Heavy gunfire in Haitian capital on 10th anniversary of Aristide's return from exile

PORT-AU-PRINCE, Haiti (AP) _ Protesters set fire to barricades and gunfire rang out in Haiti's troubled capital as loyalists of President Jean-Bertrand Aristide marked the 10th anniversary of his return

Saturday, October 16th 2004, 9:35 am

By: News On 6


PORT-AU-PRINCE, Haiti (AP) _ Protesters set fire to barricades and gunfire rang out in Haiti's troubled capital as loyalists of President Jean-Bertrand Aristide marked the 10th anniversary of his return from exile.

At least 54 people have been killed in Port-au-Prince during two weeks of shootouts and beheadings that have only further thrown the country into turmoil since Aristide was ousted yet again and sent into exile in February and devastating floods left 200,000 people homeless.

Former Haitian soldiers who hold sway over much of the countryside are threatening to deploy into Port-au-Prince over the objections of the interim government, which is backed by an overextended and beleaguered U.N. peacekeeping force.

On Friday, it was unclear who was doing the shooting as police in cars and on foot entered the barricaded Bel Air slum, a stronghold of Aristide followers.

Automatic gunfire also echoed across the La Saline slum and the Delmas neighborhood. A plume of smoke rose behind the presidential palace as people in Bel Air set a bonfire of tires and trash.

Jean Robert, the driver of a Haitian Red Cross vehicle, said they could not react quickly.

``Even if we knew of people injured in there, we couldn't go in because it's so dangerous.''

There was no help for the wounded at Port-au-Prince's main hospital. Gunshot victims were among 61 patients in the emergency room, where there were no doctors or nurses.

Jean Claude Cine, a security guard and the only hospital employee in sight, said some refused to come to work because of the danger while others couldn't leave because buses weren't running. He said he had seen at least three bodies with gunshot wounds brought to the hospital late Thursday and early Friday.

Police spokeswoman Gessy Coicou told reporters that 21 police officers have been killed and 23 wounded since March. The Haitian Press Network said 10 officers were killed in the past two weeks, and five were decapitated.

That would raise the toll to at least 54 people killed in two weeks in the capital.

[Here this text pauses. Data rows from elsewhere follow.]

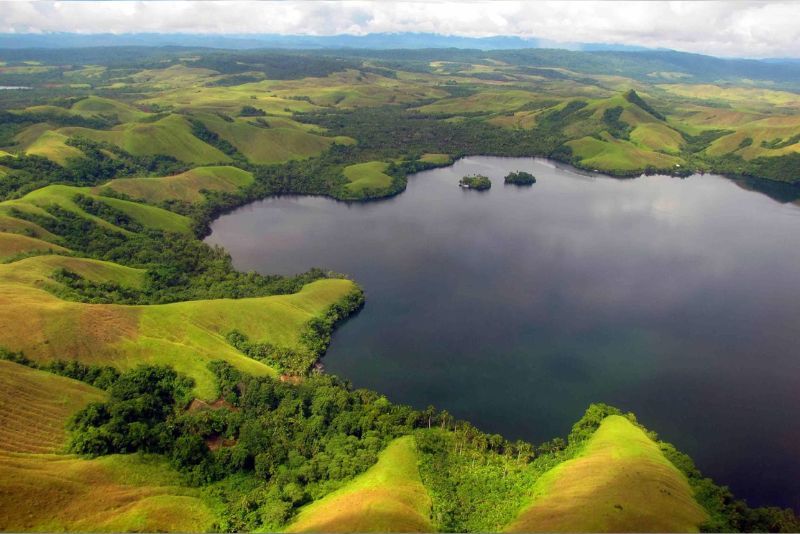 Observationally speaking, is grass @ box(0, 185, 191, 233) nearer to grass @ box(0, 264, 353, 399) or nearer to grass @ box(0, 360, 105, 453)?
grass @ box(0, 264, 353, 399)

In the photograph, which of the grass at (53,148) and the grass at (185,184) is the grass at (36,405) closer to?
the grass at (185,184)

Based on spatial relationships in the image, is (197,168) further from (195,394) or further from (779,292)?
(779,292)

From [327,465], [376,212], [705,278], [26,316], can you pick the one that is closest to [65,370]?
[26,316]

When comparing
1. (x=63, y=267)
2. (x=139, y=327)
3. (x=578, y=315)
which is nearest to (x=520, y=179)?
(x=578, y=315)

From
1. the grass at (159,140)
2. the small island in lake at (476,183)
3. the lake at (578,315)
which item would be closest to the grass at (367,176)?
the lake at (578,315)

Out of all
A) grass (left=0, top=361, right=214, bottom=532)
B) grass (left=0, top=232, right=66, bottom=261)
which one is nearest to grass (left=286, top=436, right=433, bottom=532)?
grass (left=0, top=361, right=214, bottom=532)

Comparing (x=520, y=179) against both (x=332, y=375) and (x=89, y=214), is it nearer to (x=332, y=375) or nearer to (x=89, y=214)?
(x=332, y=375)
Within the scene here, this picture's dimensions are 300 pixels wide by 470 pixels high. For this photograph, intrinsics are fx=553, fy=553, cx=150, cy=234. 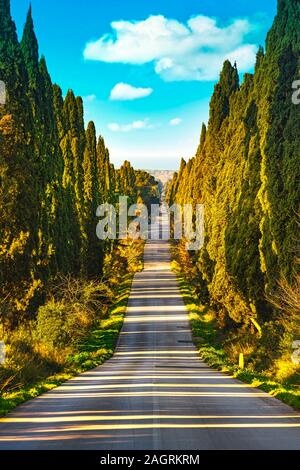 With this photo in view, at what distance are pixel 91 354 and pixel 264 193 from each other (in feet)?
41.1

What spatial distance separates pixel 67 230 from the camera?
111 ft

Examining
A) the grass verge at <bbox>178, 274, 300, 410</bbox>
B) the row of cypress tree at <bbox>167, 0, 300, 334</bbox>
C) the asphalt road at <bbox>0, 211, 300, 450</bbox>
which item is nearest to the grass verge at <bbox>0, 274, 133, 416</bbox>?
the asphalt road at <bbox>0, 211, 300, 450</bbox>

The violence is crippling a massive humanitarian mission to help the survivors of Tropical Storm Jeanne in the northwestern city of Gonaives, where several relief agencies have suspended operations, spokeswoman Maite Alvarez of London-based Oxfam told The Associated Press on Friday. About 2,000 people died from the storm.

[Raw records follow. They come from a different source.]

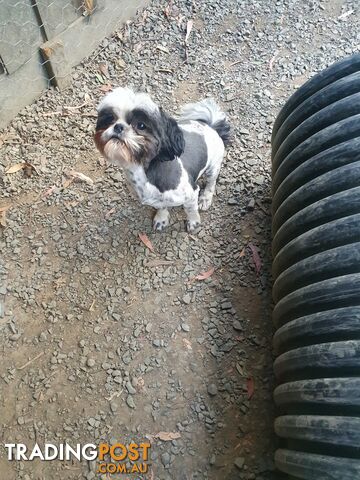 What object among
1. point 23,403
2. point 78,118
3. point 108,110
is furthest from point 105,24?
point 23,403

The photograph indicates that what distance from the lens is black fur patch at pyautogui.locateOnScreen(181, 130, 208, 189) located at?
2.48 meters

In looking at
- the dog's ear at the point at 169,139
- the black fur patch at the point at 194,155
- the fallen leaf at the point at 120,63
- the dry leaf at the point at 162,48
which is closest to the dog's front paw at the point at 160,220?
the black fur patch at the point at 194,155

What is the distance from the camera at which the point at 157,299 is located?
2.67 m

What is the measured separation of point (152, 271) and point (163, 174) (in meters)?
0.67

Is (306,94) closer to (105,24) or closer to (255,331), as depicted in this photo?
(255,331)

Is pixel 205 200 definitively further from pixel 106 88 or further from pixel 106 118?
pixel 106 88

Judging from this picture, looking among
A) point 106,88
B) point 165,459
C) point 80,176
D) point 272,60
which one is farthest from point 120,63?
point 165,459

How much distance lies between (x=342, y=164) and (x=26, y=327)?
1.86 m

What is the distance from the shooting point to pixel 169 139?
6.95 feet

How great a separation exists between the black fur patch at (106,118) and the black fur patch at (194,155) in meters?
0.52

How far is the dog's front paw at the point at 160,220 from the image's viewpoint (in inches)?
113

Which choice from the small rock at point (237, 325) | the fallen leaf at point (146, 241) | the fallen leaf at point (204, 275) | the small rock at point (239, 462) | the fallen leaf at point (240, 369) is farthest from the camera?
the fallen leaf at point (146, 241)

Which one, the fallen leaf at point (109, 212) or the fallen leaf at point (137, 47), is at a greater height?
the fallen leaf at point (137, 47)

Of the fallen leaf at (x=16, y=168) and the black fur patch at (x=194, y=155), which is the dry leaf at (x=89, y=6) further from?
the black fur patch at (x=194, y=155) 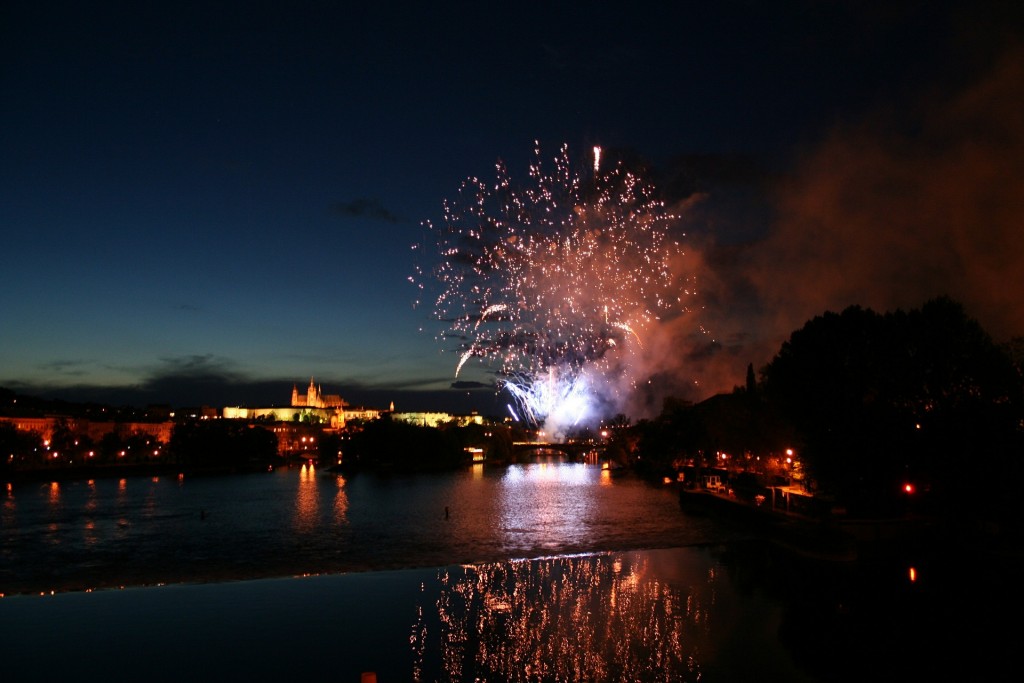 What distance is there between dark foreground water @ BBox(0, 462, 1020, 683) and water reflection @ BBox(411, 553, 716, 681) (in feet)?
0.22

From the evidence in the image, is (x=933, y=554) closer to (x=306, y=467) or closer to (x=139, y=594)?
(x=139, y=594)

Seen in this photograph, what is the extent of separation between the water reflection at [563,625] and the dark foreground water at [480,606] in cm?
7

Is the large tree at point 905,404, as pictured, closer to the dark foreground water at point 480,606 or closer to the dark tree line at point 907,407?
the dark tree line at point 907,407

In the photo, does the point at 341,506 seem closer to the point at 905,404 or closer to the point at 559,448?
the point at 905,404

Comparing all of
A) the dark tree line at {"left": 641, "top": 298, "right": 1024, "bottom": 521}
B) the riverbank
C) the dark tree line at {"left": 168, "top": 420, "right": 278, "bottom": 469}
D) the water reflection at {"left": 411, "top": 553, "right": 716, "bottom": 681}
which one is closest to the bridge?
the riverbank

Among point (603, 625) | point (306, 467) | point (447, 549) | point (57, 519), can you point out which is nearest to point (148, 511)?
point (57, 519)

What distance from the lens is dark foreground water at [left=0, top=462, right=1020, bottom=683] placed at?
14766 millimetres

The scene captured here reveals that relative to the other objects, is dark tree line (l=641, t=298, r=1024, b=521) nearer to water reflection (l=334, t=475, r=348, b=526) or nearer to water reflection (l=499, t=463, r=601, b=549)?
water reflection (l=499, t=463, r=601, b=549)

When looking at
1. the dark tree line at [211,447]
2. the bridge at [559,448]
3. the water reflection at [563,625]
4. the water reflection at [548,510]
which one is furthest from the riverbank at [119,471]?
the water reflection at [563,625]

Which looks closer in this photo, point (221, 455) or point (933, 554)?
point (933, 554)

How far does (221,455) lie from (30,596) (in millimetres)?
68693

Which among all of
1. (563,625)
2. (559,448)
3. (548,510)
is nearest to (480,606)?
(563,625)

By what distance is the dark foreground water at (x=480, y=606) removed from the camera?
1477cm

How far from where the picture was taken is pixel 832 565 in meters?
24.5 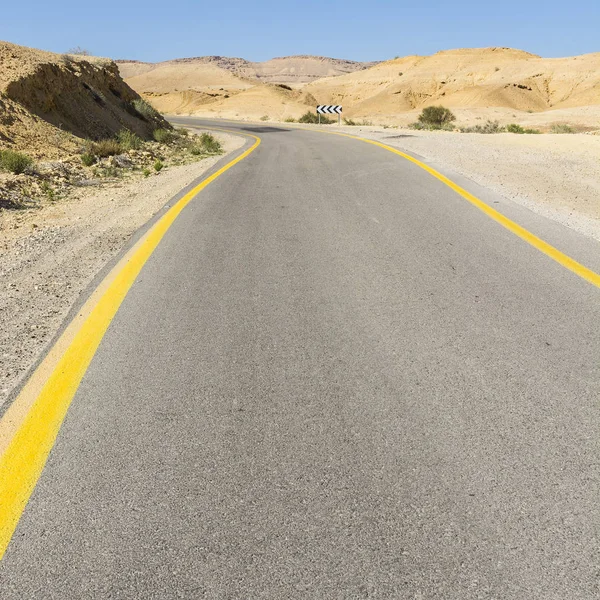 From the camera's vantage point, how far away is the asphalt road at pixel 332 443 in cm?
199

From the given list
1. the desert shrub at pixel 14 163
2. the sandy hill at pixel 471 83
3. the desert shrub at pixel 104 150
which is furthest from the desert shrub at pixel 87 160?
the sandy hill at pixel 471 83

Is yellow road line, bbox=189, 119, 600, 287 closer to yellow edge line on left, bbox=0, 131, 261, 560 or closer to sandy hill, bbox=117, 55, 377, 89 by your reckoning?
yellow edge line on left, bbox=0, 131, 261, 560

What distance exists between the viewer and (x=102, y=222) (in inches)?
310

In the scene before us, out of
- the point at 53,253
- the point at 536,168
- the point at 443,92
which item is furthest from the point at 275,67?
the point at 53,253

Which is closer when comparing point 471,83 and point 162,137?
point 162,137

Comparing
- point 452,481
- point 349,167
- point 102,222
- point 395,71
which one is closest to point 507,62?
point 395,71

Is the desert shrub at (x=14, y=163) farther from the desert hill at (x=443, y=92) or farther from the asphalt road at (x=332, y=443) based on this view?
the desert hill at (x=443, y=92)

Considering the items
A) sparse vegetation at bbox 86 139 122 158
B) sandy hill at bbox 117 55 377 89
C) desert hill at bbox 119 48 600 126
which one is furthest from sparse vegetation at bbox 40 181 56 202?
sandy hill at bbox 117 55 377 89

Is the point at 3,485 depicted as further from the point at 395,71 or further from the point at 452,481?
the point at 395,71

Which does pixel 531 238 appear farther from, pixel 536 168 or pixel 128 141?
pixel 128 141

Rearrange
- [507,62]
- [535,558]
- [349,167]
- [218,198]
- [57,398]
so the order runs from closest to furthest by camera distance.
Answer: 1. [535,558]
2. [57,398]
3. [218,198]
4. [349,167]
5. [507,62]

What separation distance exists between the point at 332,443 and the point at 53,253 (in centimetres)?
466

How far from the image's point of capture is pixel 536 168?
1159cm

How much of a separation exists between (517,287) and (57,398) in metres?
3.40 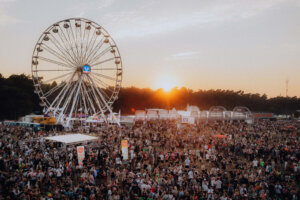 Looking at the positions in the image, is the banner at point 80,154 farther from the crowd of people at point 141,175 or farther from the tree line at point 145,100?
the tree line at point 145,100

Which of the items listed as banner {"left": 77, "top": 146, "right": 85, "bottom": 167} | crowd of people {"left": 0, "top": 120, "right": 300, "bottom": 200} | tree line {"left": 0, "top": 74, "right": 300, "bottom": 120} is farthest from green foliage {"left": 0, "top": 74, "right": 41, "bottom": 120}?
banner {"left": 77, "top": 146, "right": 85, "bottom": 167}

The violence has blocked 113 containers of relief food for Gonaives at Port-au-Prince's port because workers were too scared to leave home, the World Food Program reported.

Violence in Gonaives, where street gangs and ordinary people have been looting food aid, also is a problem.

``Though we're not exactly being targeted, we just think that at the moment the situation is very volatile,'' Alvarez said, ``and we'd rather be safe than sorry.''

She said the World Food Program, Catholic Relief Services, Save the Children and the International Federation of Red Cross and Red Crescent Societies all have temporarily stopped work there.

Aristide's backers are demanding his return from exile as they mark his restoration to power in 1994 through a U.S. intervention that ended three years of brutal military rule.

Aristide fled again Feb. 29, accused of corruption, profiting from cocaine smuggling and using police to suppress his opponents. He left Haiti on a U.S.-chartered plane as ex-soldiers leading a bloody rebellion neared Port-au-Prince.

Now in South Africa, Aristide has accused the United States of orchestrating his ouster and insists he remains Haiti's democratically elected leader. The United States denies his charges and says he signed his resignation before he boarded the plane.

This week, heavily armed ex-soldiers have been threatening to deploy in Port-au-Prince to halt the violence, saying police are corrupt and U.N. peacekeepers who replaced the U.S. Marines in June are ineffective.

``We are mobilizing ... carrying out the weapons inspections,'' former Maj. Remissainthe Ravix told Associated Press Television News on Thursday.

With fewer than half the 8,000 troops promised, the Brazilian-led force is overextended in the nation of 8 million, and ex-soldiers continue to hold sway over much of the countryside.